If you are back at work having worked months from home, your puppy will likely find it hard to cope with your absence. Pets love it when you are around, it means they get more attention, exercise, love and affection. So when suddenly you’re not there it will stress puppies and young dogs out. Separation anxiety is a real concern which must be addressed sympathetically.

What is Separation Anxiety?

Puppies, young dogs and other pets of all ages can suffer from separation anxiety. The symptoms are similar to those of panic attacks in people. It can lead to destructive behaviour and even self-mutilation. A dog’s cognitive ability is about the same as that of a toddler who is two and half years old.

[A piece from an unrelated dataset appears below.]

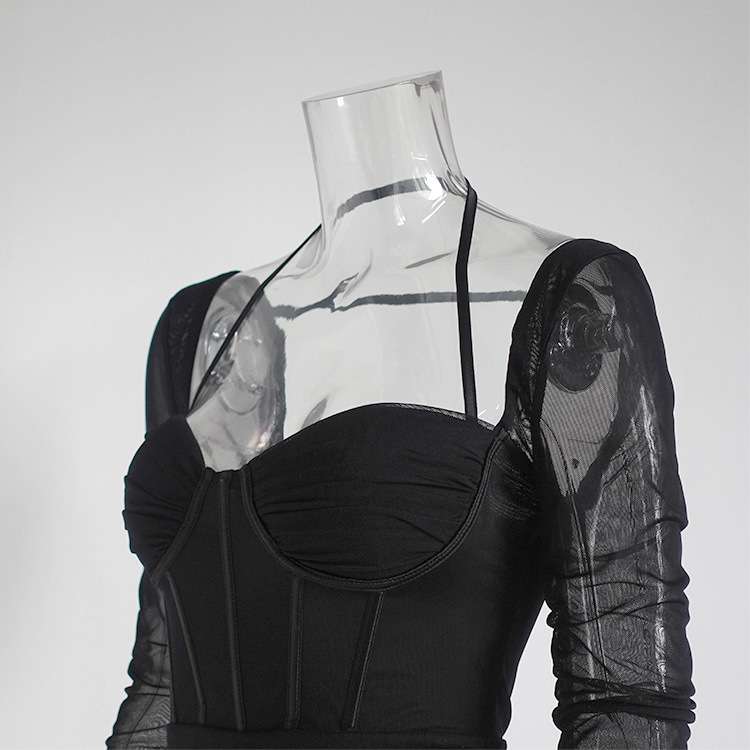 Elegant Bodycon Dress image 6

This means they are led by their overwhelming feelings which they have absolutely no control over.

The symptoms of separation anxiety are extremely hard to address if not dealt with in the early stages. In short, you have to recognise what is happening to your pet and then treat them kindness and understanding. Nothing will get better overnight because it takes time and patience to convince your pet that being left alone is okay.

Independence Training

Independence training is an essential part of a puppy’s education. They need to learn that spending time alone is all right. You should start by leaving your puppy or young dog on their own for a short while to begin with. However, it’s important to leave the home, because dogs are smart and they know when you are still around. If you do this up to five times a day, it can help build up your pet’s confidence at being left on their own.

Making Sure Your Pet Has a Special Place

Some dogs like having access to a cage with the door open. They find it a safe, special place they can retreat to when needed. You can place favourite toys in the cage along with a dog bed and blanket to make them feel happier if needed.

You should always use positive reinforcement behaviour training techniques when teaching a puppy or young dog anything. Things like “go to bed” as a cue works well and you should always give them a toy or a safe long-lasting puppy chew to help keep them occupied and stimulated.

Desensitise Your Puppy to When You Leave Home

Dogs watch their owners every move which can naturally makes them anxious when they think you’re going out or it’s ‘walkies’ time. This type of anxiety must be gently addressed more especially when it happens before you leave the house. A good way of addressing the problem is to desensitise your puppy to when you actually leave. By changing departure times and by rattling keys even when you are not going out. Your puppy will no longer associate the sounds and your movements with you leaving home and them on their own.

Dogs watch their owners every move which can naturally makes them anxious when they think you’re going out or it’s ‘walkies’ time.

Exercise and More Exercise is Essential

Dogs and puppies need lots of stimulation and daily exercise. The saying that a ‘tired dog is a good dog’ is true. This means making sure that your pet gets the right amount of daily exercise to suit their breed, size, and age. With puppies and younger dogs, this includes masses of ‘playtime’ and lots of fun interactive games.

Playtime’ and lots of fun interactive games.

Seeking Help From Professionals

If you find that your puppy’s separation anxiety is not getting any better and in fact, it’s getting worse, you should get in touch with a professional dog trainer. Alternatively, you can discuss things with a vet behaviourist because things won’t get better by ignoring your pet’s problems. The golden rule when treating a puppy or any other dog is never to punish them because this will just make the situation that much worse. Patience, kindness, understanding and time should win in the end.